A dieci anni dalla retrospettiva dedicata ad Antonio Ligabue da Palazzo Magnani, permanendo Sandro Parmiggiani e Sergio Negri a curarne la proposta e il taglio critico, la mostra realizzata a Gualtieri celebra un personaggio e un mito che esercita un fascino indiscutibile non solo per i suoi conterranei. L’architetto Mario Botta ne ha curato l’allestimento e la suggestiva sala dei giganti di Palazzo Bentivoglio, che da sola merita una visita alla bassa, vive degli sguardi tesi, dolenti e indagatori del matto “Toni”, dei suoi paesaggi esotici, delle sue scene selvagge, del suo immaginario commisto di arte, cinema e vita quotidiana.
La coincidenza con gli stessi curatori della mostra del 2005 ospitata a Palazzo Magnani dà, in effetti, un leggero senso di deja vu ma, passati dieci anni, progrediti gli studi e la conoscenza, rimane molto interessante poter riguardare e riscoprire con occhio nuovo un pittore come Antonio Ligabue, divenuto simbolo del territorio reggiano tanto da essere ritratto nei cartelloni autostradali a segnalare che tra le bellezze per cui vale bene uscire a Reggio Emilia ci sono i paesaggi di questo straordinario pittore. Aperta fino all’8 novembre 2015 la mostra sembra raccogliere con grande sistematicità le tracce lasciate nel territorio d’adozione dal pittore Ligabue.
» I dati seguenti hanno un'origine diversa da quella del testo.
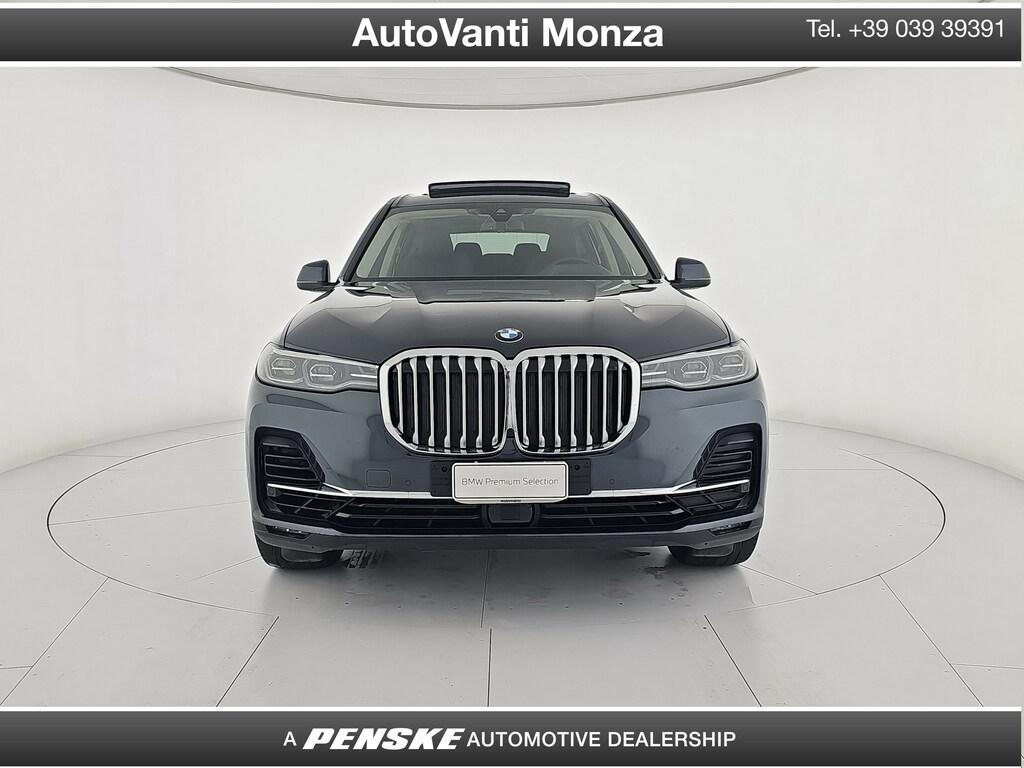 BMW X7 xdrive40d mhev 48V auto 7p.ti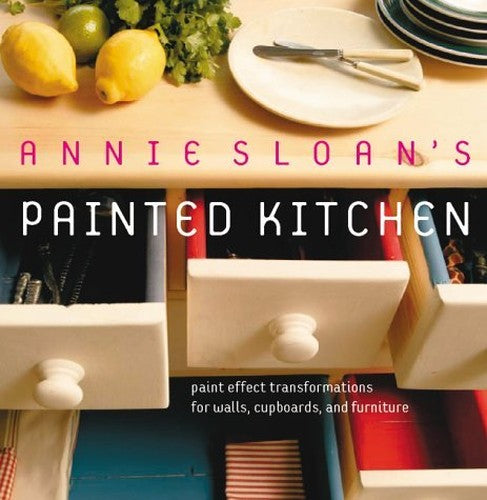 Annie Sloan's Painted Kitchen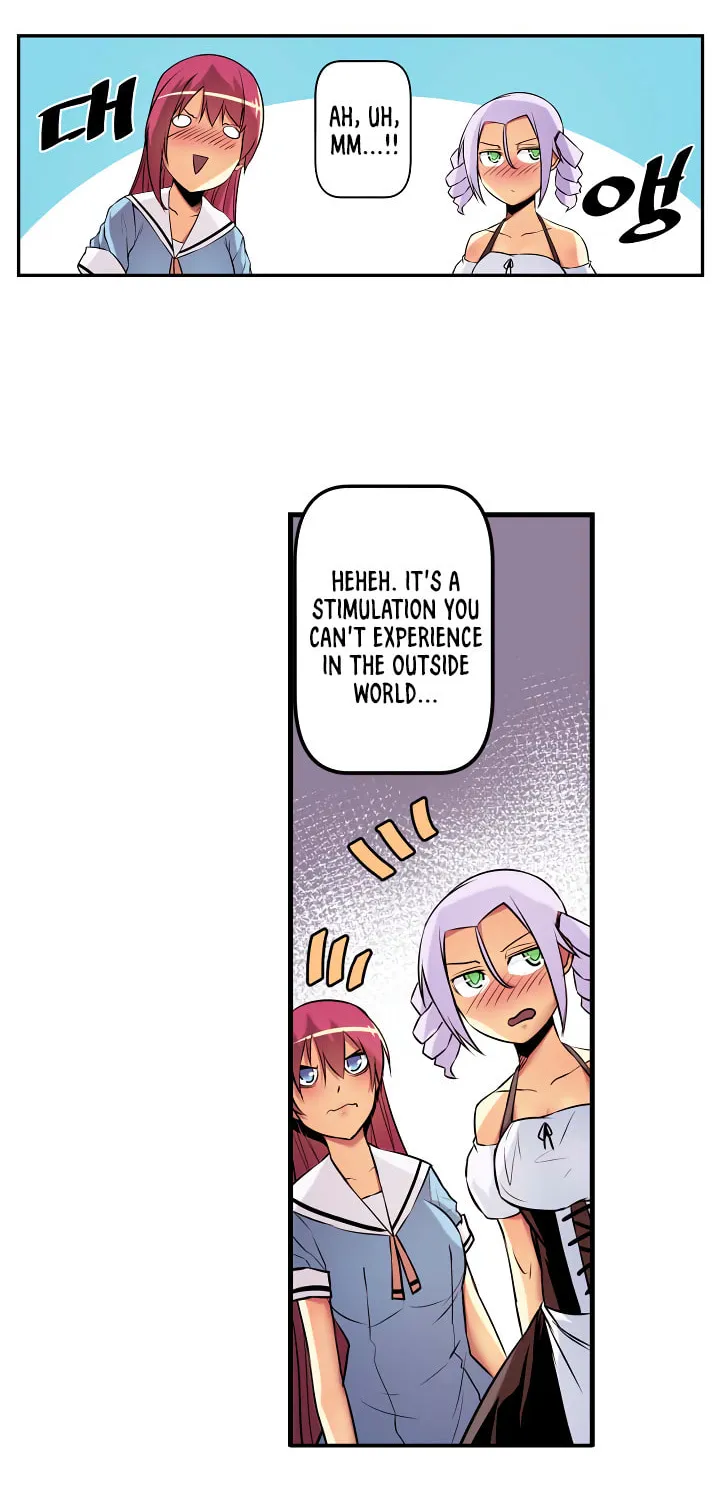 Read Sweet X Trouble chapter 32 image 13 on Lezhin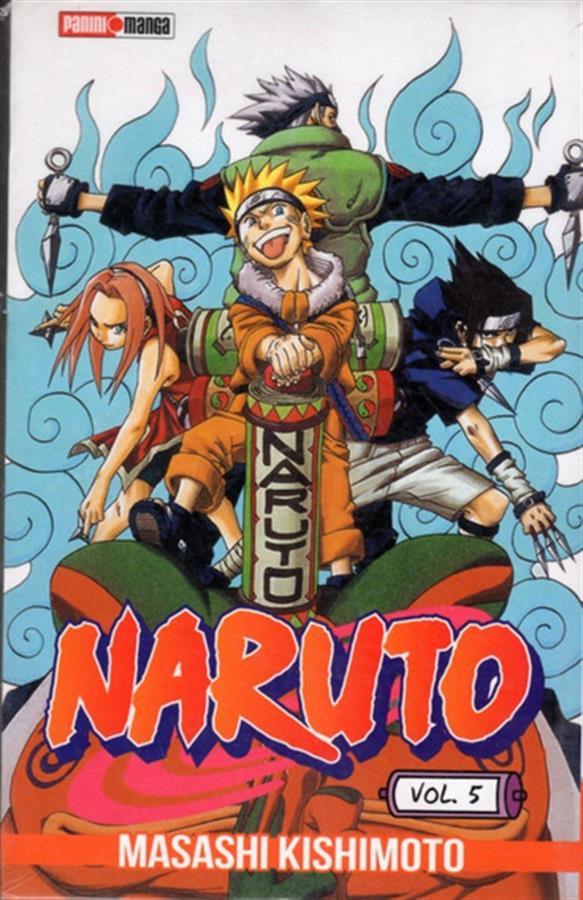 NARUTO 5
Le “collezioni private” di Gualtieri, Guastalla, Luzzara e Reggio Emilia sono infatti le principali fonti di questa ampissima retrospettiva, che raccogliendo specialmente opere degli anni Quaranta e Cinquanta (senza tuttavia escludere gli esordi e alcune tele della notorietà, compresa quella a cui stava lavorando il pittore alla sua morte, comprensiva dello stesso cavalletto di appoggio) propone un ampissimo esempio del repertorio ripetitivo ma fantasiosissimo del Pitùr.
La mostra di Ligabue a Gualtieri va vista -e rivista – per quell’ascendente che la follia esercita sulla mente di tutti noi, per la curiosità che suscita quell’occhio un po’ opaco, ma anche estremamente lucido, che è quello del pittore disturbato ma naturalmente capace, che a dispetto della sua esistenza di sofferenze e fatica ha in sé la consapevolezza della sua capacità e del suo estro. Quella sicurezza è data non certo da un approccio naif -come si rischia di circoscrivere l’esperienza prendendo a riferimento solamente lo stile pittorico – ma da un lungo e paziente apprendistato manuale e visivo. Come in certa arte antica, ma anche come in certi atteggiamenti puerili, che tendono all’ossessiva coazione a ripetere delle azioni e dei suoni, la pittura di Ligabue è fatta di autoritratti, di tigri ruggenti, di barocci con cavalli imbizzarriti, di paesaggi svizzeri che in ripetute versioni, in minime variazioni ripropongono la prolifica produzione della fantasia pittorica di Ligabue in centinaia di versioni e varianti. Nella pittura di Ligabue semplicità e pensiero si fondono e anzi si con-fondono in una esperienza visiva toccante.
La mostra propone una lunga biografia iniziale, che inquadra gli anni e le vicissitudini del Toni, ma lascia la visita completamente sprovvista di un percorso conoscitivo -o anche solo informativo – e tematico scritto. Tuttavia, proprio per quanto detto prima, ovvero per la capacità di Ligabue di parlare senza filtri ad un livello intuitivo, sognante e, in qualche modo, prelogico, la carrellata si gode comunque. Per coloro che vogliano invece approfondire la vicenda artistica, tutt’altro che ingenua e incolta come il personaggio potrebbe far credere, non resta che affidarsi al catalogo della mostra edito da Skirà e corredato da ricche riproduzioni che meglio potranno accompagnare una lettura critica della mostra che, per diverse Gualtieri, si è scelto di non approfondire lungo il percorso espositivo.
Valutazione:☺☺☺ Consiglio di visione: Per vedere alcuni dei grandi e stranoti autoritratti di Ligabue. Per vederli all’interno di palazzo Bentivoglio a Gualtieri. Per vedere la piazza di Gualtieri dentro ad un autoritratto di Ligabue. Per quelli che vogliono fare una di quelle che cose che poi potranno raccontare ai nipoti.